Autre demande des Intercommunalités de France : l’ouverture par "la loi" d’un nouveau "round" d’un an, pendant lequel les communautés pourraient solliciter la prise de compétence de l’organisation des mobilités (voir notre article dédié de ce jour). Selon l’association, de nombreuses intercommunalités n’ont pu faire acte de candidature dans le contexte sanitaire où était ouverte la première fenêtre, en 2021. À l’époque, il y a eu aussi "des encouragements amicaux" de la part des régions, pour que les communautés ne prennent pas la compétence, a estimé Sébastien Martin devant la presse.
Indispensable visibilité sur les ressources financières
Dotées de compétences qui touchent le quotidien des Français (déplacements, habitat, déchets, énergie…), les intercommunalités veulent être aux avant-postes de la transition énergétique.
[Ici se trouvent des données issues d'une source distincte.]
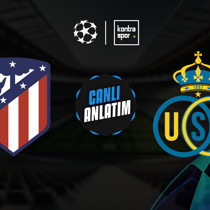 Atletico Madrid - Union Saint Gilloise maçı ne zaman?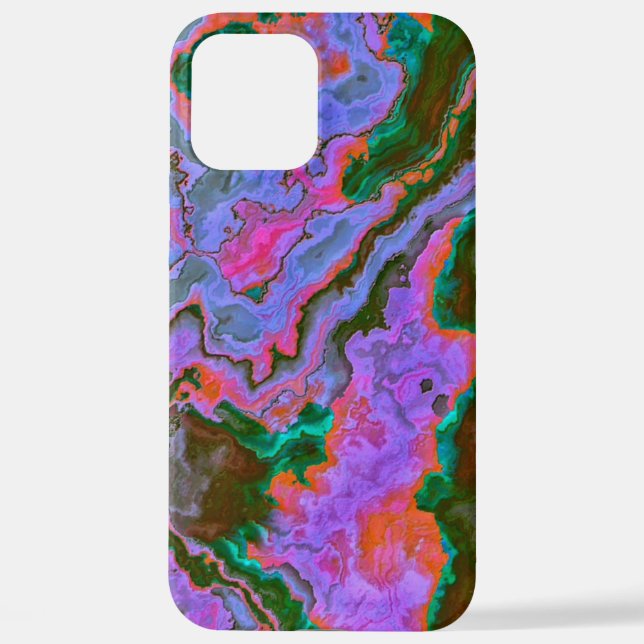 Sour Marble  iPhone Case (Back)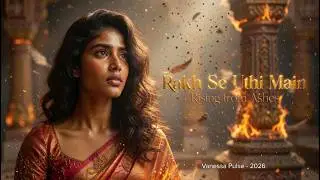 Rakh Se Uthi Main (Rising from Ashes) &mdash; Vanessa Pulse | 2026 Hindi Indie Pop Empowerment Anthem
Un enjeu immense et urgent, comme l’ont compris les Français : selon un sondage Ifop pour Intercommunalités de France (1.507 personnes interviewées en ligne début septembre), 85% d’entre eux considèrent que "l’adaptation au changement climatique doit être une priorité". Pour 34%, l’Europe est "l’échelle territoriale la plus adaptée et la plus pertinente" pour agir en ce qui concerne les transitions écologique et énergétique. Viennent derrière : la France (31%), et, enfin, l’intercommunalité (10%), à égalité avec la région. 9% citent le département et 6% la commune (voir notre article de ce jour dédié à cette étude).
Reste que les intercommunalités n’ont pas toutes les moyens de leur ambition. Plus de la moitié (54%) d’un panel de 204 présidents d’intercommunalité interrogés par Intercommunalités de France jugent que le doublement des investissements verts, rendu nécessaire par les objectifs climatiques de la France, sera "difficilement atteignable" ou "inatteignable". Parmi les explications, ils mettent en avant l’insuffisance des ressources (48%), à égalité avec "le manque de visibilité pluriannuelle sur les ressources", et devant "les obstacles réglementaires et administratifs" (39%), ou encore le "manque d’ingénierie technique" (38%).
Présent à la convention, le ministre délégué chargé des comptes publics avait, semble-t-il, déjà entendu une partie des doléances des élus intercommunaux. Thomas Cazenave a indiqué avoir lancé avec Dominique Faure – la ministre déléguée chargée des collectivités territoriales – et Christophe Béchu une réflexion sur "un cadre qui donne plus de vision pluriannuelle" aux collectivités territoriales.